Muema: I have no problem with that. As long as my women love me.
RAW: Got a girlfriend?
Muema: No. I said women.
RAW: Meaning family?
Muema: I Don’t Talk To Them
RAW: So which women are you referring to?
Muema: I trust no one. So I mislead them with false information. The ones I converse with.
RAW: Is there a doctor or a therapist who you trust, Adam? Can I contact them for you? I really think you ought to have a talk with someone before leaving for another country.
Muema: Sure. His name may be referred to as Jesus. Contact him.
RAW: And Jesus is a 45-year-old guy named Raymond Elwood Howard-Lear from Chicago? Is that really very likely?
Muema: No, Jesus is a spirit inside of Him.
RAW: That’s not what he says.

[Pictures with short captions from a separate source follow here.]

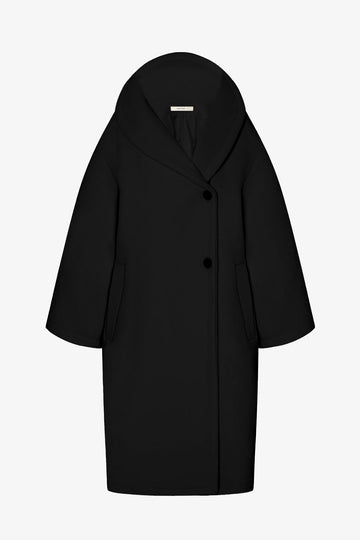 Regino black wool coat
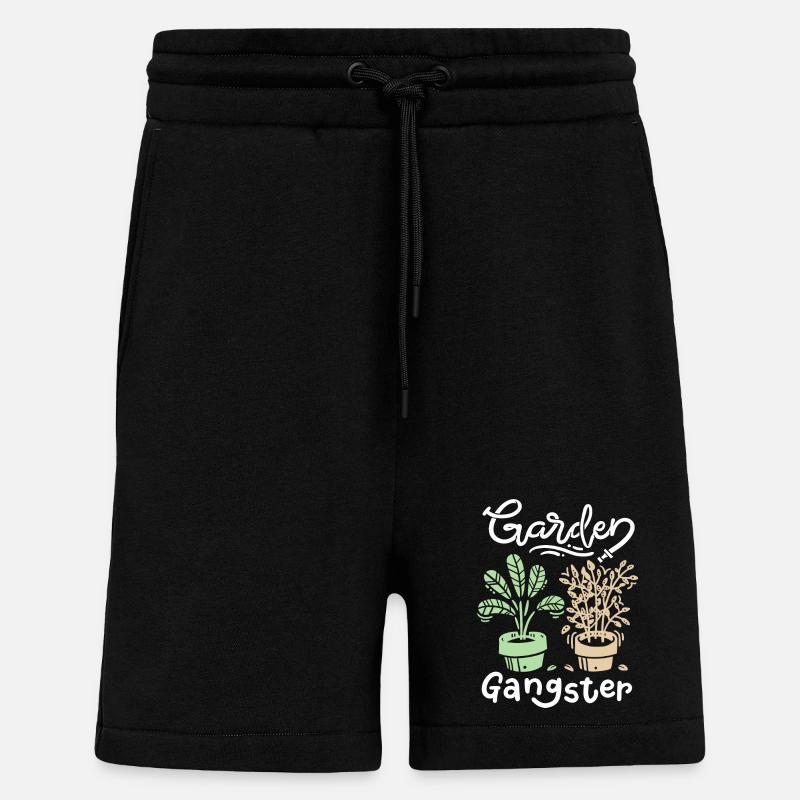 Garten Gärtner - Shorts - made by SPREAD - SOLID BLACK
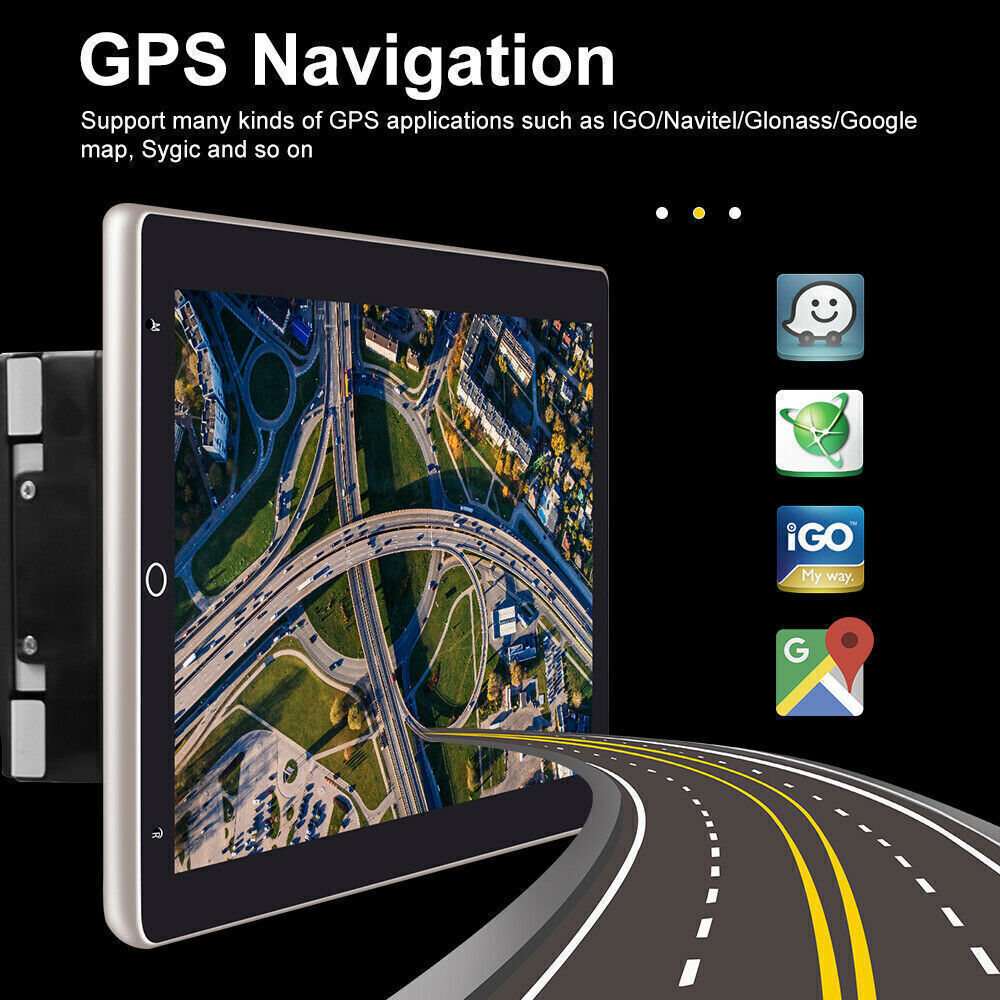 Android 15 Car Stereo Radio GPS Wifi Double 2 Din Touch Screen Player 10 Inch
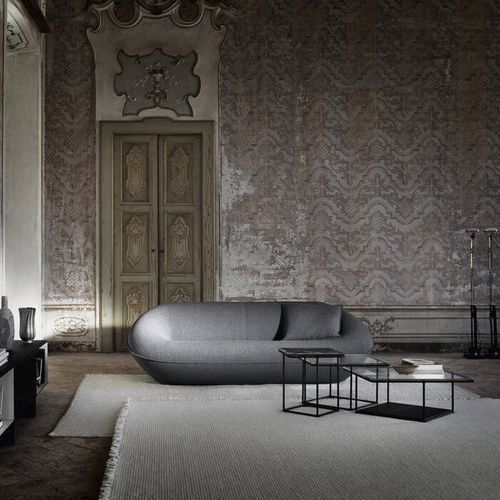 Modernes Sofa - Tortello - B&B Italia - Stoff / mit Armlehnen / grün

He says he is the risen Christ.
RAW: So what town are you in today?
Muema: I don’t know. What does it say.
RAW: Aliso Viejo. I guess that’s San Diego.
Muema: No, that’s an hour away.
RAW: My mistake. Orange County. I spent my high school years in OC.
Muema: I got the bubble guts but thanks for sharing.
RAW: Hey, if you gotta go, you gotta go.
Well, that answers a few questions, but raises even more. We hope he changes his mind about talking to his family.